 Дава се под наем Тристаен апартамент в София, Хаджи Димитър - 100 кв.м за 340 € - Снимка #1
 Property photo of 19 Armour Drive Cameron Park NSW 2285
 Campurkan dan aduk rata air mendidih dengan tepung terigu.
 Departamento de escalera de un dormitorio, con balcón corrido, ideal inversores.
==============================
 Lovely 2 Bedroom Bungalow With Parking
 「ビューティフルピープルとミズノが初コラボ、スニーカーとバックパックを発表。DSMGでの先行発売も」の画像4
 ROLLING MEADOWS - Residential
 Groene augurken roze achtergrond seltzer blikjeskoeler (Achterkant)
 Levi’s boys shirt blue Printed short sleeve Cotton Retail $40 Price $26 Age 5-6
==============================
» Goal of the exercise:
Could you restate word for word the lines above from the one containing "Дава се под" through the one containing "Departamento de escalera", both included, and nothing else?

» Finished exercise:
 Дава се под наем Тристаен апартамент в София, Хаджи Димитър - 100 кв.м за 340 € - Снимка #1
 Property photo of 19 Armour Drive Cameron Park NSW 2285
 Campurkan dan aduk rata air mendidih dengan tepung terigu.
 Departamento de escalera de un dormitorio, con balcón corrido, ideal inversores.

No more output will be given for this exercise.